Examples of the presently described data storage device 1 and method 100 can offer cross-platform compatibility. Instead of requiring operating system specific applications (e.g. an application for each of Windows, MacOS, and other operating systems) and drivers, the web-based interface can be accessed from any platform (host device) with a web browser.

In addition, there is reduced complexity. By removing operating system specific applications can streamline USB drive management for both end-users and information technology administrators. This includes reducing or removing the requirement to maintain different software versions or worry about compatibility issues with different operating systems.

In some examples, this described data storage device and method enhances security. This can include leveraging browser security features such as sandboxing and HTTPS (HTTP Secure) to provide a secure environment for USB drive management and protecting data from unauthorized access and threats.
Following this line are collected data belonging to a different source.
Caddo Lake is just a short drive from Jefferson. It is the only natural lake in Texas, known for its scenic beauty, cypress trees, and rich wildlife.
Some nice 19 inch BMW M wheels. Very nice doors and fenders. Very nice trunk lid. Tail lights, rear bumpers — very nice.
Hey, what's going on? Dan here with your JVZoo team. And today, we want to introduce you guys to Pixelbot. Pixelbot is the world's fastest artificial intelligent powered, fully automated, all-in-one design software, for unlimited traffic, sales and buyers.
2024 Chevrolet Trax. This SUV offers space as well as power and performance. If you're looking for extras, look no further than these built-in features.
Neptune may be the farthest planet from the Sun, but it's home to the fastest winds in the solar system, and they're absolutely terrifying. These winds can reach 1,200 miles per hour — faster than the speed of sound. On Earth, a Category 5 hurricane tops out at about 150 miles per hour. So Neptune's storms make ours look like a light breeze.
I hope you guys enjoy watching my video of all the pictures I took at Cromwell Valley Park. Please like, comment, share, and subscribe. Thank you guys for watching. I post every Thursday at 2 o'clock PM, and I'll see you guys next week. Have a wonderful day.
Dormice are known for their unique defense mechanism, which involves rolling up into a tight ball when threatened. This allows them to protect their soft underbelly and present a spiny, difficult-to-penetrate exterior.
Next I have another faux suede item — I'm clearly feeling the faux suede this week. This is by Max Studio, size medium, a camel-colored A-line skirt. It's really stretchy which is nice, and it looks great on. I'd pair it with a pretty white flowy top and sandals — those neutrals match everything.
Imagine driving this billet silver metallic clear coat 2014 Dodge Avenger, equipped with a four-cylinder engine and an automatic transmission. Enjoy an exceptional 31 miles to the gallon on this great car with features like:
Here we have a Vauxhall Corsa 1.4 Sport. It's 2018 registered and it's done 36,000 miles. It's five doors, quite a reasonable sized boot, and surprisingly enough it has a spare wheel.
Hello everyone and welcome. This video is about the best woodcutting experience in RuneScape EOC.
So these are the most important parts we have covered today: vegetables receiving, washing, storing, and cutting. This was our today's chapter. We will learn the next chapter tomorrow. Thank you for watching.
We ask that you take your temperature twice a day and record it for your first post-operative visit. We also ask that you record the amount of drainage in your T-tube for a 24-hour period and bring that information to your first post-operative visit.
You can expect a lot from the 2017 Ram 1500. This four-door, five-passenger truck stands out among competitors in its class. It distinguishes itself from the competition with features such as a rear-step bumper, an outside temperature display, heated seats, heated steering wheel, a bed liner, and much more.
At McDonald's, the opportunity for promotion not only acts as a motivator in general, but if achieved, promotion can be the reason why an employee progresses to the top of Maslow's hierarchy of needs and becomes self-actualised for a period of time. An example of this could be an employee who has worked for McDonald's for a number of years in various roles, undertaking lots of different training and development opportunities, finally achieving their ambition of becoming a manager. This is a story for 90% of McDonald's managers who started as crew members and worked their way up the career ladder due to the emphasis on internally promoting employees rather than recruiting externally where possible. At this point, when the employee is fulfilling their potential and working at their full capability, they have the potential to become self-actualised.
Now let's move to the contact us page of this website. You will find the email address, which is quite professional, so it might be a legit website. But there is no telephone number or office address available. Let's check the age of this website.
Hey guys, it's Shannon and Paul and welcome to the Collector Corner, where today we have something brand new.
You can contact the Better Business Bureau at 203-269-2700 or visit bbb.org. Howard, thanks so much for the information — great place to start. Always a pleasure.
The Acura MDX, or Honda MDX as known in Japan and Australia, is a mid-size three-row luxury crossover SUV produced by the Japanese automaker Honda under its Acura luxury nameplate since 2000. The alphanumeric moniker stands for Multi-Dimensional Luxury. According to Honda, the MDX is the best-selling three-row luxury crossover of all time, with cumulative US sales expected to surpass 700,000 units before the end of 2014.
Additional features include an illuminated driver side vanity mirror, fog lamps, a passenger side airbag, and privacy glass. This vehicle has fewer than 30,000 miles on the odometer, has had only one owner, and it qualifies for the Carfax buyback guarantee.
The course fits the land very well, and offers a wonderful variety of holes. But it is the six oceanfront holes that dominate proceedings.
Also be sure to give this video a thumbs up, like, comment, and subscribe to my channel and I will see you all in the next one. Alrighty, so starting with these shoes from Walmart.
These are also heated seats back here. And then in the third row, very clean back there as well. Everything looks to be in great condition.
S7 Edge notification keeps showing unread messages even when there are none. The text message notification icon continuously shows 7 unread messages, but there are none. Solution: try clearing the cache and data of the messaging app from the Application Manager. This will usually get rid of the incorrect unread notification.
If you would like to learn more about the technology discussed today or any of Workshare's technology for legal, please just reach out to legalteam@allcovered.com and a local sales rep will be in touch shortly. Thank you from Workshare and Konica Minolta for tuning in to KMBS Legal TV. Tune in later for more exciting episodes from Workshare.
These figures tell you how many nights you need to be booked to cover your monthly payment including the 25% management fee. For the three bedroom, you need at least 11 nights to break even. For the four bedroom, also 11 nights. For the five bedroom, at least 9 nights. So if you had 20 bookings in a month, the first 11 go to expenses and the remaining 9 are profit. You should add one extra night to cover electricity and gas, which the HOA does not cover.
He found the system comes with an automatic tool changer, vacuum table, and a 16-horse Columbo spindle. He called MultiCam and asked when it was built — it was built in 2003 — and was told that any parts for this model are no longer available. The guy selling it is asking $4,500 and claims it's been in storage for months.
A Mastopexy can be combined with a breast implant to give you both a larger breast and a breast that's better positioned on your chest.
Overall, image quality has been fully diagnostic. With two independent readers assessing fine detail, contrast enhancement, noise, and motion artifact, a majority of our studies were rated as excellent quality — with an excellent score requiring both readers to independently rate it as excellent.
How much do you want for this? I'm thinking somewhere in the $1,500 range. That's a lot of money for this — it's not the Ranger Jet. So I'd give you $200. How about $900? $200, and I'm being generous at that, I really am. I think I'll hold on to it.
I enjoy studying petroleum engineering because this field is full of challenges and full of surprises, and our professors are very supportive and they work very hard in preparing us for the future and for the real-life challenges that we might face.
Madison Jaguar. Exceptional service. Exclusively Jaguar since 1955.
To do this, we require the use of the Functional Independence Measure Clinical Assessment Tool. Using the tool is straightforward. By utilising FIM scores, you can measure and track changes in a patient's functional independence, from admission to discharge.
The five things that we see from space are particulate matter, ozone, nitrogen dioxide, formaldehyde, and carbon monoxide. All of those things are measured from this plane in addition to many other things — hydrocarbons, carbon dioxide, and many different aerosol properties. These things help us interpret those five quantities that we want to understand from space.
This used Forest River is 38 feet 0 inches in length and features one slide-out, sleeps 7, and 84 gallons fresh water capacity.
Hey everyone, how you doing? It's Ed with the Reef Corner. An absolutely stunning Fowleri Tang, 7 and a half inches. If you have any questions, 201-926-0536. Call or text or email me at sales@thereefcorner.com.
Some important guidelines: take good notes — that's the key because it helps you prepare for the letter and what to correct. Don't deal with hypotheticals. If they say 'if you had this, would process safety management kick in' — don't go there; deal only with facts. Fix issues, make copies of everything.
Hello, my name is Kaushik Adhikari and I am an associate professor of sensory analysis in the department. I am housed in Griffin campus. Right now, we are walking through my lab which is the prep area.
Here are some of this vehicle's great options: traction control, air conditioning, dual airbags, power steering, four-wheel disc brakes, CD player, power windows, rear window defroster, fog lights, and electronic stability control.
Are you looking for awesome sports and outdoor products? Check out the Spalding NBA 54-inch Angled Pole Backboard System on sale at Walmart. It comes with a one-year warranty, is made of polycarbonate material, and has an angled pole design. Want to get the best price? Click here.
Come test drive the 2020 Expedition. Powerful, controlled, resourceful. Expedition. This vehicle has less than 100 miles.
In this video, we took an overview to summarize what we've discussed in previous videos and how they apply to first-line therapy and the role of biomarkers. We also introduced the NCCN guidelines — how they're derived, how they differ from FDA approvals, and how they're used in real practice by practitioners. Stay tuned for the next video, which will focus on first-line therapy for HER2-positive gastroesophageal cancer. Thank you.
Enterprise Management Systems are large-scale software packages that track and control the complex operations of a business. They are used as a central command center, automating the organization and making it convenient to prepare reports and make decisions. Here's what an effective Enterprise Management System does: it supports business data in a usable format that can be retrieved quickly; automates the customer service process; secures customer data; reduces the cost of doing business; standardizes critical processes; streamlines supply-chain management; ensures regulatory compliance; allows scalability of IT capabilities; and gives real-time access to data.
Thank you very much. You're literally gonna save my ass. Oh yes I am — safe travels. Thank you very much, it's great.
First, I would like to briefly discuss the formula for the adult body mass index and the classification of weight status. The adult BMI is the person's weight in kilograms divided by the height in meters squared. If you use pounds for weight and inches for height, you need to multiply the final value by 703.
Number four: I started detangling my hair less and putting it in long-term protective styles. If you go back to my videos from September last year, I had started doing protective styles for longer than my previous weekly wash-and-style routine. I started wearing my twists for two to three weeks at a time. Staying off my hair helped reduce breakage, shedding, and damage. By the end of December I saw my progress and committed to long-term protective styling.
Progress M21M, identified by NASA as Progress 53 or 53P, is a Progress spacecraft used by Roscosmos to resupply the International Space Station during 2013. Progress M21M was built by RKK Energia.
In some examples, the method and data storage device users CDC NCM drivers for sending security commands between data storage device and the host device. Advantageously, the CDC NCM driver is supported by major operating systems and by a wide range of USB host devices. This assists in compatibility with a wide range of hardware and software.

Variations

In the example illustrated in FIGS. 1 and 2, the first communication channel 20 and the second communication channel 22 are carried through a shared physical cable 28. It is to be appreciated that in one alternative, the first communication channel 20 is carried via a cable 28. However, the second communication channel 22 is via an alternative means, such as via Wi-Fi. That is, the mass storage driver 34b is configured to send and receive user data via a wireless Wi-Fi network.

It will be appreciated by persons skilled in the art that numerous variations and/or modifications may be made to the above-described embodiments, without departing from the broad general scope of the present disclosure. The present embodiments are, therefore, to be considered in all respects as illustrative and not restrictive.